Fragile-azalea opened this issue · 1 comments

Describe the bug
The program accidentally terminates because params_size is not equal to the length of grads. I am eager to get the author's help, thanks.

To Reproduce
Steps to reproduce the behavior:

  1. cd example/moe
  2. NCCL_DEBUG=DEBUG mpirun --mca btl '^openib' -np 1 python test_moe_top.py --top=1 --num_local_experts=2 --batch_size=16
  3. (substitute for step 2 but get the same log) NCCL_DEBUG=DEBUG mpirun --mca btl '^openib' -np 2 python test_moe_top.py --top=1 --num_local_experts=2 --batch_size=16

Logs

$NCCL_DEBUG=DEBUG mpirun --mca btl '^openib' -np 1 python test_moe_top.py --top=1 --num_local_experts=2 --batch_size=16
2022-11-29 10:08:01,460 - __main__ - INFO - Training MoE Examples on HETU
device_id:  0
2022-11-29 10:08:03,679 - __main__ - INFO - Step 0
Traceback (most recent call last):
  File "test_moe_top.py", line 86, in <module>
    loss_val, predict_y, y_val, _  = executor.run(
  File "/home/xinglinpan/Hetu/python/hetu/gpu_ops/executor.py", line 446, in run
    return self.subexecutor[name].run(eval_node_list, feed_dict, convert_to_numpy_ret_vals, **kwargs)
  File "/home/xinglinpan/Hetu/python/hetu/gpu_ops/executor.py", line 972, in run
    self.compute(self.computing_nodes,
  File "/home/xinglinpan/Hetu/python/hetu/gpu_ops/executor.py", line 1048, in compute
    node.compute(input_vals, node_val, cur_stream)
  File "/home/xinglinpan/Hetu/python/hetu/optimizer.py", line 116, in compute
    self.optimizer.update(input_vals, stream_handle)
  File "/home/xinglinpan/Hetu/python/hetu/optimizer.py", line 188, in update
    assert params_size == len(grads)
AssertionError
--------------------------------------------------------------------------
Primary job  terminated normally, but 1 process returned
a non-zero exit code.
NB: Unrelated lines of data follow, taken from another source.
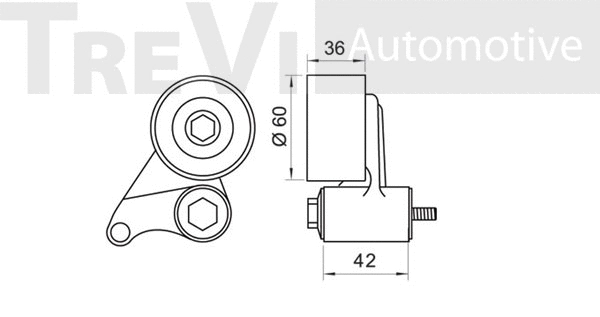Tensioner Pulley, timing belt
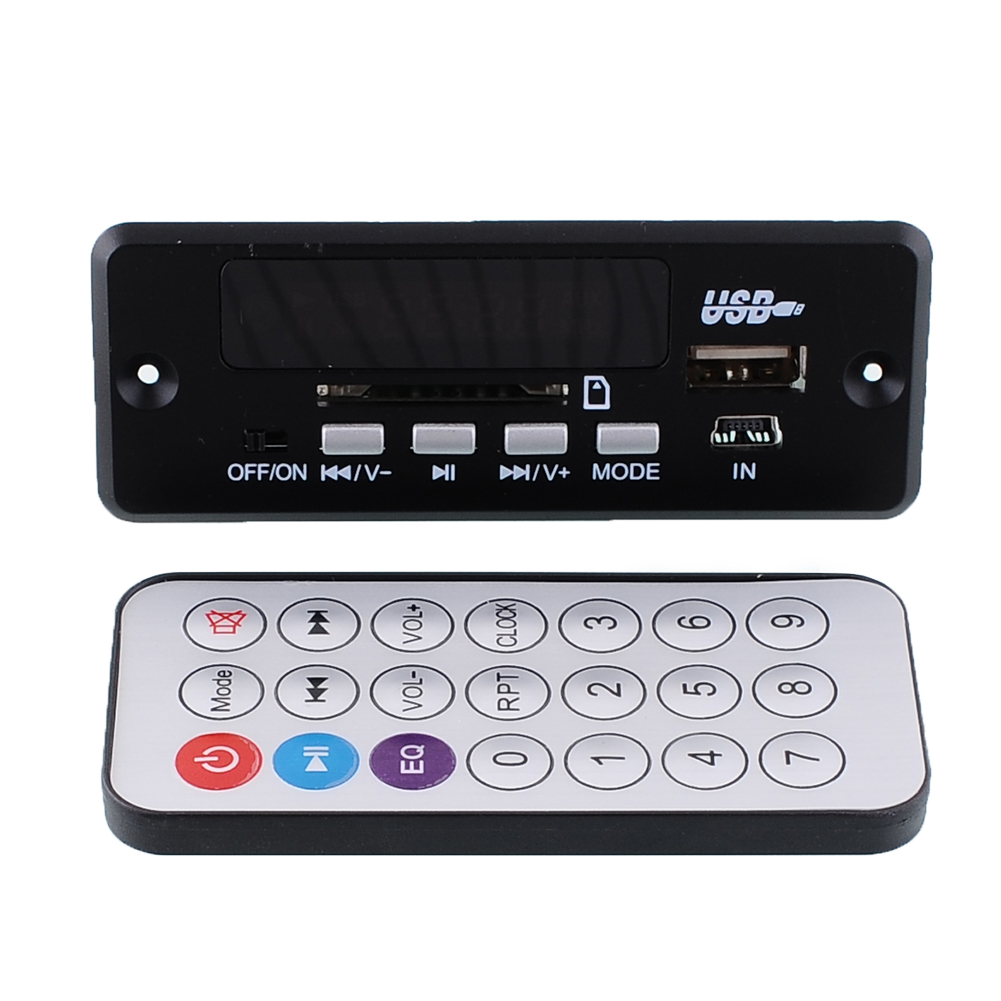 48FA New Useful Mini Remote Control USB SD FM MP3 Audio Player Module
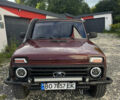 Красный ВАЗ 21214, объемом двигателя 1.7 л и пробегом 186 тыс. км за 4200 $, фото 3 на Automoto.ua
Per user-direction, the job has been aborted.
--------------------------------------------------------------------------
--------------------------------------------------------------------------
mpirun detected that one or more processes exited with non-zero status, thus causing
the job to be terminated. The first process to do so was:

  Process name: [[1691,1],0]
  Exit code:    1
--------------------------------------------------------------------------

params_size is 6 and len(grads) is 2

Platform

  • Device: GeForce RTX 2080Ti * 4
  • OS: Linux gpu9 4.4.0-142-generic #168-Ubuntu SMP Wed Jan 16 21:00:45 UTC 2019 x86_64 x86_64 x86_64 GNU/Linux
  • CUDA version: 10.2
  • NCCL version: 2.10.3
  • PyTorch version: 1.9.1
  • Python Version: 3.8

Thanks for your patience. We have fixed this bug and please try to use #66.